WELL, LET US LOOK AT HISTORY; See The Section Below on:

The Golden Age of Missouri Agriculture

"Think we can't fed ourselves??? Think Again!!! Never heard of the Golden Age of Missouri Agriculture?
Of the happiest, most prosperous and peaceful generation in our history, now 100 years in the rear view mirror?
When many ordinary farmers had maids and house keepers?
There was full employment, craftsmanship, mutual respect, prosperity such as we've never seen before or since.
Never hear of this? Thank a teacher." -Galen Chadwick

"...I said; all states have farmers, Kansas farmers feed 129 people and you...Iowa grows corn, etc....
Then the dumbness of my statement hit me; Galen has had university people slip him info on Missouri's past, saying "I will lose my job if they find out I did this..." Missouri used to export EVERYTHING to 360 degrees of the nation. It will again.
We called his speech at the Inauguration dinner of the Well Fed Neighbor Alliance, "THE GOLDEN AGE OF MISSOURI" speech."

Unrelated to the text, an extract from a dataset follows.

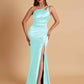 Sexy Soft Satin Mermaid One Shoulder Floor-Length Mermaid Bridesmaid Dresses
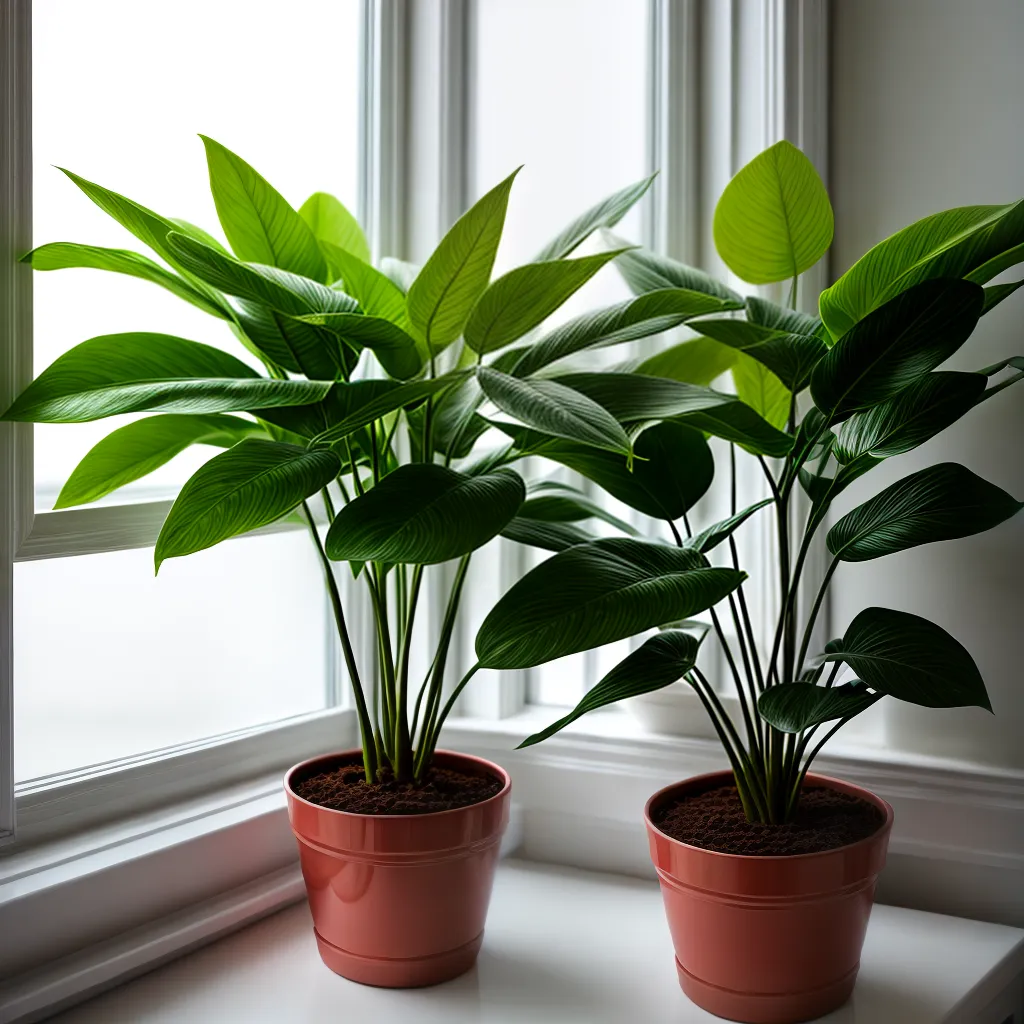 planta verde janela luz natural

"If every single house, park, farm and ranch in this county made the effort to produce food in a garden, vineyard, orchard, flock, herd, etc, and every builder and manufacturing plant commit to producing affordable products needed locally, we would be well on the way back to the "Golden Age" of Missouri Agriculture and Production.
The Ozark Plateau is the last bastion of the family farm in America. There are 350,000 of them, certainly capable of feeding every person in the state, and very likely many others as the influx of the millions of newly homeless families who suddenly realize that there is no other area of America where they have a chance of surviving heads this way. What begins as a few drops, will become a trickle, and finally a torrential flood. Many of those in the Transition Movement already realize this, as do hundreds of believers across the state. In addition, many other people are coming to grips with this inescapable fact.
I have said this elsewhere, but it bears repeating, we have the opportunity with the proven power inherent in this movement to totally remake our local economy, to create a new life and environment for our families to live in, and for our grandchildren to grow up in." -Jerry Diamond

"Prior to WWI, Missouri was a diverse and abundant garden. Fruits, grains, nuts, vegetables, dairy products, shoes and timber were produced in astounding quantities.
The growers remained integrally bound to the expanding railroad through an elaborate network of westward-branching lines that reached into the margins of the Great Plains. These connected to the termini of Minneapolis, Chicago, Kansas City, which in turn linked to the metropolitan centers of the East Coast. Missouri fed millions upon millions of people.
Until 1914, farmers received parity for the products of their labor. There was a time when the people who grew our food made a decent living, could own their land, homes, and tools outright. In the words of one contemporary, "It was a time when farmers and tradesmen made profits on their goods. We walked to town with our heads held high. Our children were happy. The government was on our side. We influenced the politics of our state. Remember those times? We can have them again."
Dairy farm production in Missouri ranked among the top four states in the nation for many years. By the end of WWII, Missouri had as many as one million dairy cows. ...
Where we once exported up to 1.9 million pounds of milk products a year, we now must import 1.7 million pounds just to feed ourselves.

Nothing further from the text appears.